Bill Gates came by today to tell me to "get better".
I've been ill for the past couple of days and a little birdy told him to stop by.
And the kids opened the door and let him in.
Me - I think it would have been nicer if he had called in advance, I could have at least taken a shower. But I had enough strength to sit up and fluff my pillows a bit.
He told me that he wanted me to use this three million dollars any way I wanted to and simply left.
Odd fellow, that Bill Gates. Just trotting into my house and plopping down that kind of money like it's pocket change. I suppose he didn't want to catch anything virulently horrid. But he should know that Hepatitis C isn't contagious. Sigh. Sometimes you'd think one of the smartest people on earth would at least read up a little bit on diseases. But like most people, I suppose, HepC is not that well understood.
So he up and left and now I've got a lot of money to spend.
Goodness knows how I'm actually going to do it.
It's one thing to fantasize about spending money. But when it's actually in your hands what do you really want to do with it?

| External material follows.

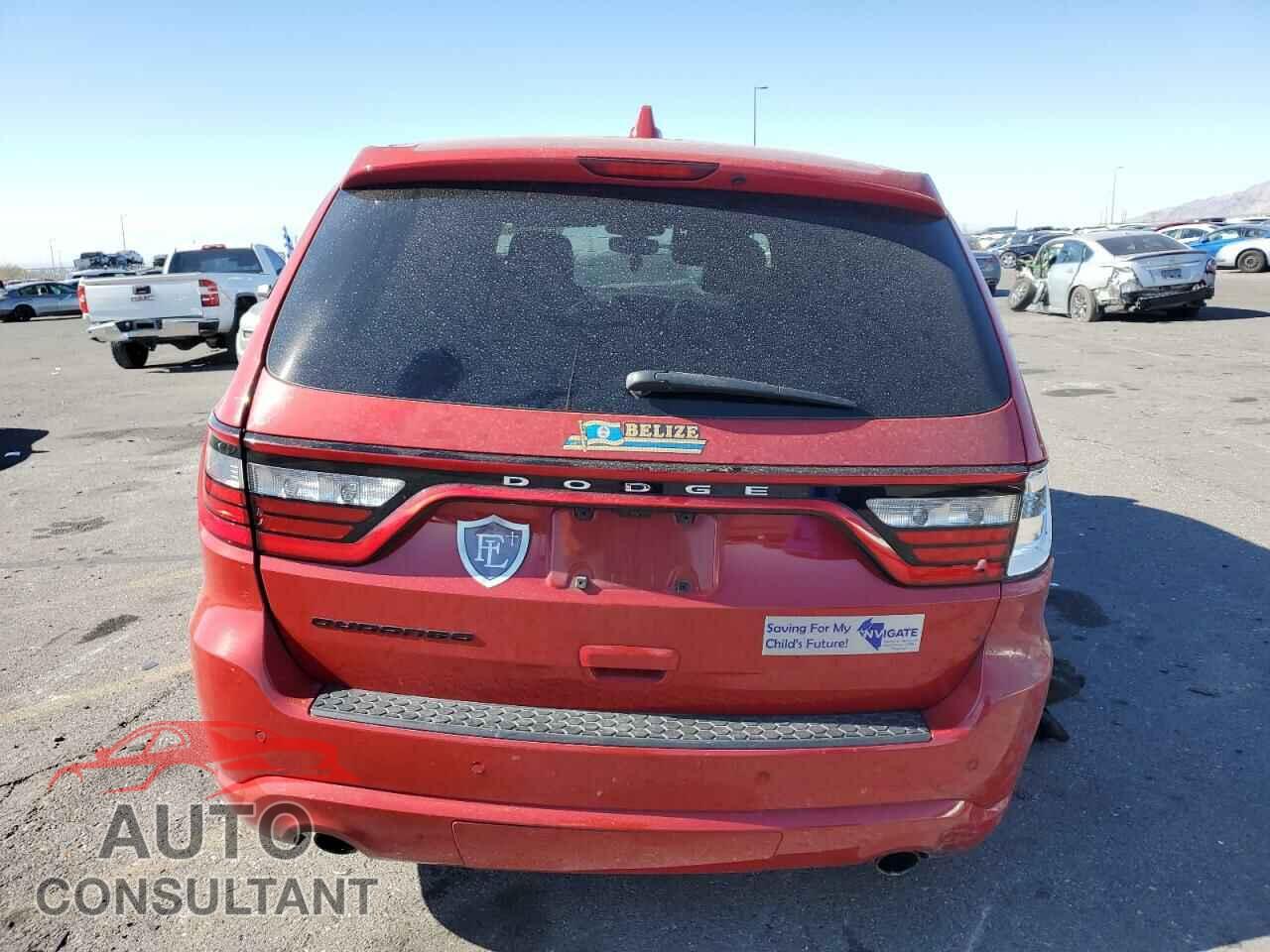 DODGE DURANGO 2017 - 1C4RDHDG7HC805912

I think since my truck just broke down and my poor husband has been footing the bills lately and trying to keep up with the housework, since I just don't have the energy anymore or even the will power... Sheesh you should see the house... piles of junk everywhere, I'm beginning to think that my husband is a massive packrat. LOL! But I think... I think... That I'm going to just move the family --- it will be so much easier than cleaning.
I think I will find us a nice cozy ranch house - and buy both the kids decent cars. Nothing sporty or too expensive, you know they will just run them down. But something that will hold some value.

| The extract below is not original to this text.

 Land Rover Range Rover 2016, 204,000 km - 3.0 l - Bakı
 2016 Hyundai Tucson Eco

And I think I will put a little fund together for both of them.
Then I will buy myself a nice car. nothing fancy. Just something that won't break down in the next few weeks.
Seriously - I just bought (well.. ok the truck broke down and the hubby decided I needed a new car because he doesn't want me walking late at night with the bears here, so... he bought me a new Chevy HHR.) a new car.... So I'll probably have to give that new car away.
I'll pay off the bills - and put a good chunk of one million into some retirement investments.
I'm not sure exactly what - but since Bill Gates was such a nice guy, I'll make sure I buy some stock in his big company. Doesn't seem like he's done too terribly bad with it.
And then I'll just relax and write stories... I've always wanted to be a writer. You know... A published writer, artist, lyricist. I really do write. I may not have a college education, but I can write.
Words just seem to tumble out of me - that is, when I can function - and I'm not sicker than a dog.
But I think I'll buy myself a few good laptop computers - and some programs to keep me rolling with the writing and the graphic art work that I do.
And I'll go see a few more doctors. Not the ones the insurance company make me see - but some good ones. Maybe one that might know a lot about this disease and specializes in making the person feel better. Instead of just treating the disease - treat the side effects too - from the medication.
And then I'll just live life.
That sounds pretty darn good.
And now that he's left the house - I think I'll take a little nap.